→ Data for analysis:
▬▬▬▬▬▬▬▬▬▬
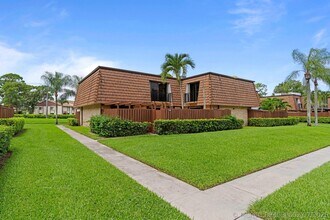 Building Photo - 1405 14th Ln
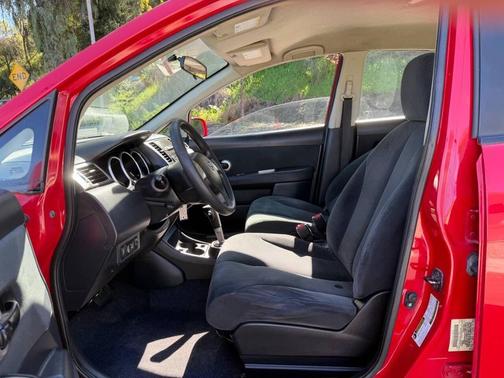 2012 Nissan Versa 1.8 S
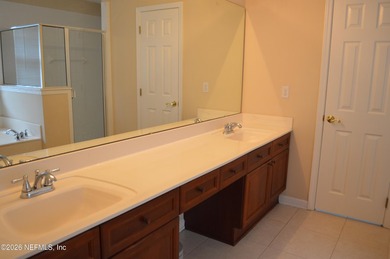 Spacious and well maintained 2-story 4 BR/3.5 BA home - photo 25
▬▬▬▬▬▬▬▬▬▬
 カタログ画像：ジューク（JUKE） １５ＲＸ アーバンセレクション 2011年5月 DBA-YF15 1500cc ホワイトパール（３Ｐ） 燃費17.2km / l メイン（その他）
▬▬▬▬▬▬▬▬▬▬
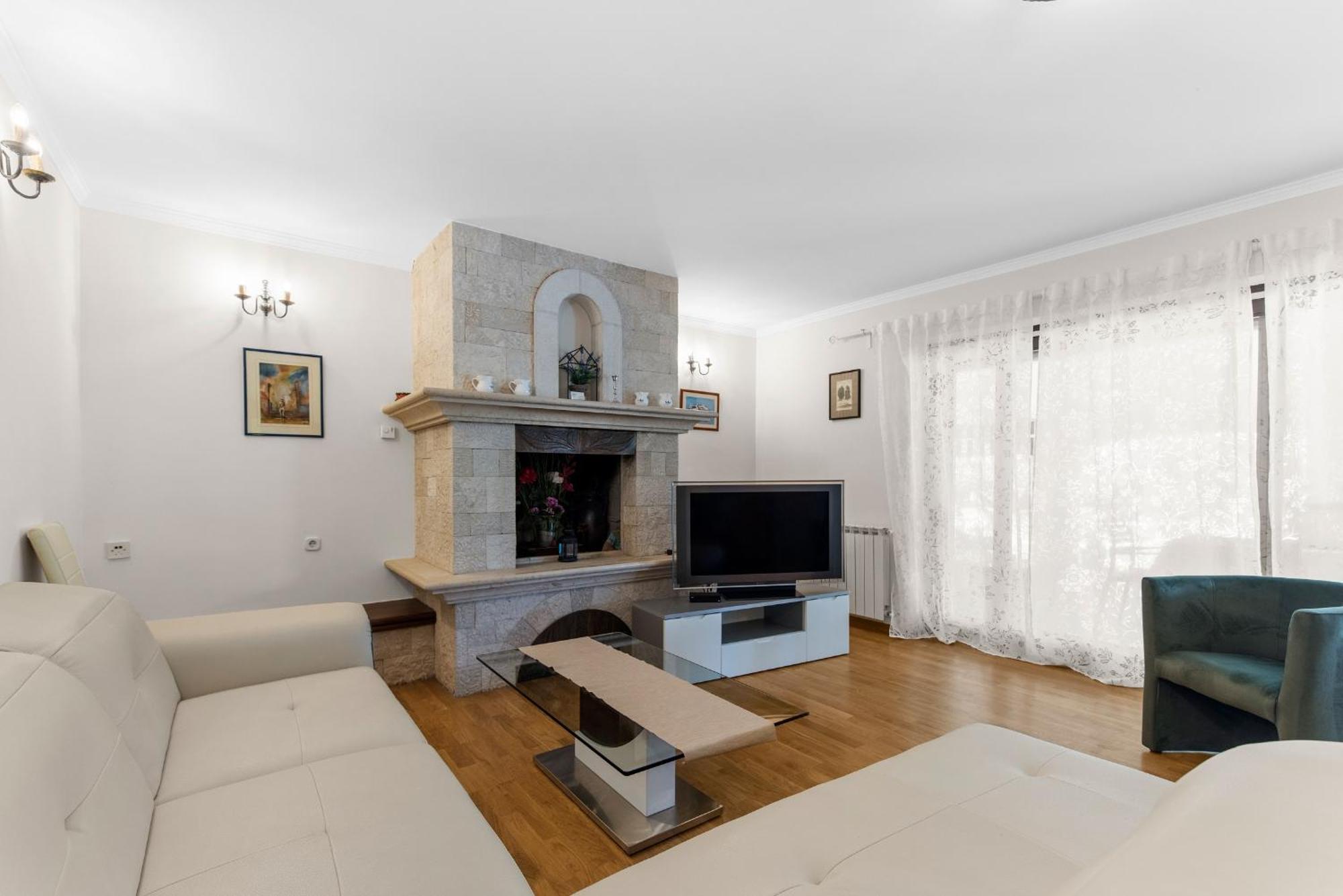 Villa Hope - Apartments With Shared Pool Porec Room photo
▬▬▬▬▬▬▬▬▬▬
→ Work instruction:
Above are the records; copy exactly the lines from the one with "Building Photo - 1405 14th Ln" through the one with "Spacious and well", including both, and nothing more. Leave out pictures.

→ Response for this exercise:
 Building Photo - 1405 14th Ln
 2012 Nissan Versa 1.8 S
 Spacious and well maintained 2-story 4 BR/3.5 BA home - photo 25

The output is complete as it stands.